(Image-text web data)

::::

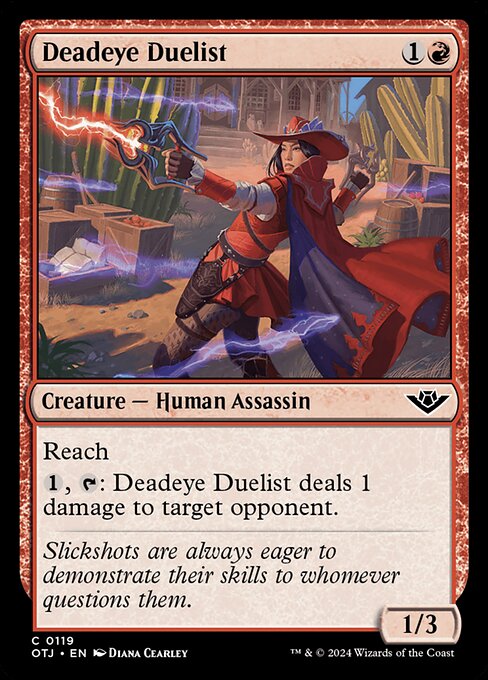Outlaws of Thunder Junction - 119 - Deadeye Duelist - Common - R - Non-foil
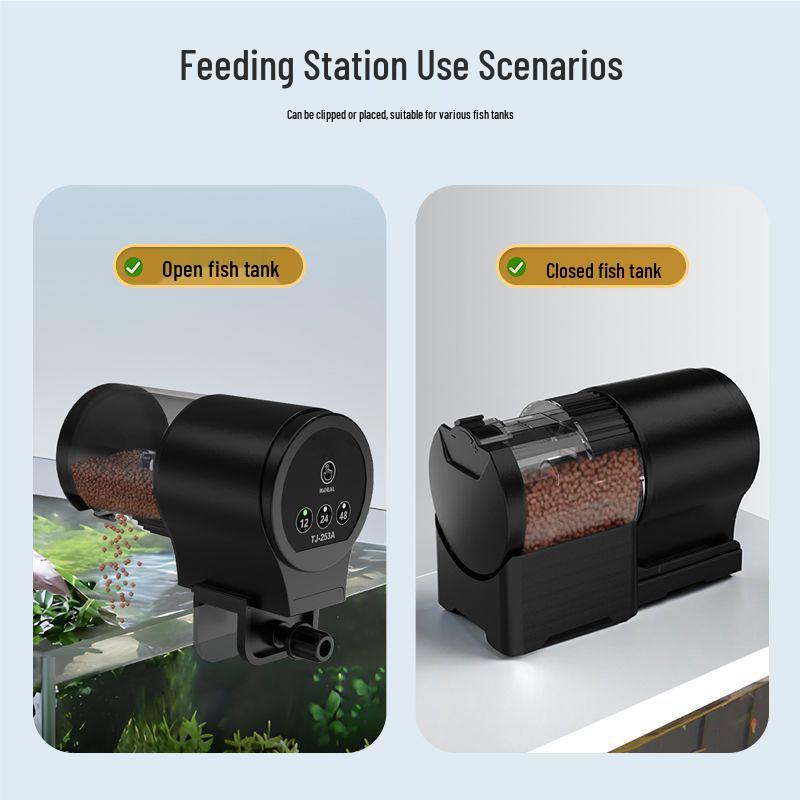 Smart Automatic Fish Feeder Timer for Koi, Goldfish, and Turtles in Aquariums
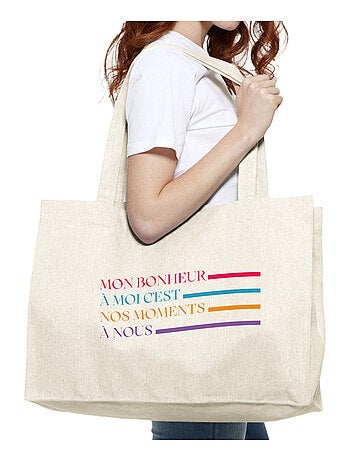 Grote shopper MON BONHEUR À MOI C'EST NOS MOMENTS À NOUS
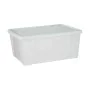 Storage Box with Lid Stefanplast Elegance White Plastic 29 x 17 x 39 cm (6 Units) by Stefanplast, Storage boxes and chests - ...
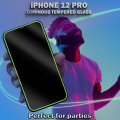 Miniatyrbillede 2 af 5: 1-Pack IPHONE 12 PRO Skærmbeskyttelse - Hærdet Glas 9H - Super kvalitet 3D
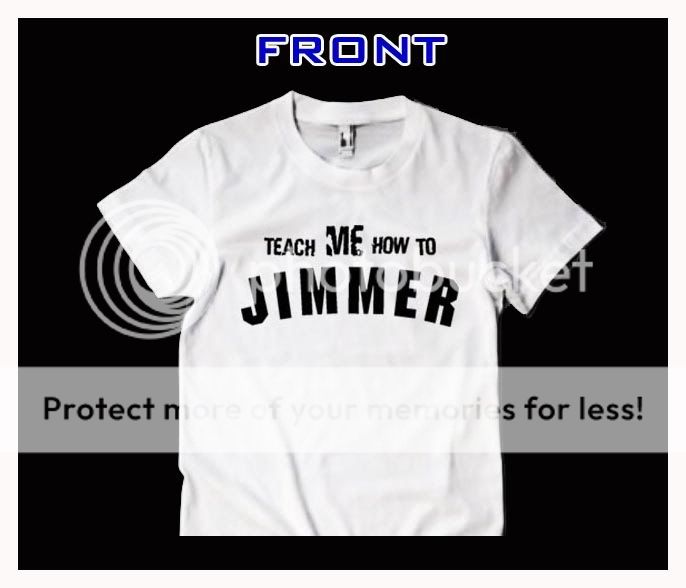 Jimmer Fredette TEACH ME HOW TO JIMMER Black Tee Shirt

::::

**Exercise description**
Once the pictures are set aside, repeat the data above exactly.

**Output below**
Outlaws of Thunder Junction - 119 - Deadeye Duelist - Common - R - Non-foil
 Smart Automatic Fish Feeder Timer for Koi, Goldfish, and Turtles in Aquariums
 Grote shopper MON BONHEUR À MOI C'EST NOS MOMENTS À NOUS
 Storage Box with Lid Stefanplast Elegance White Plastic 29 x 17 x 39 cm (6 Units) by Stefanplast, Storage boxes and chests - ...
 Miniatyrbillede 2 af 5: 1-Pack IPHONE 12 PRO Skærmbeskyttelse - Hærdet Glas 9H - Super kvalitet 3D
 Jimmer Fredette TEACH ME HOW TO JIMMER Black Tee Shirt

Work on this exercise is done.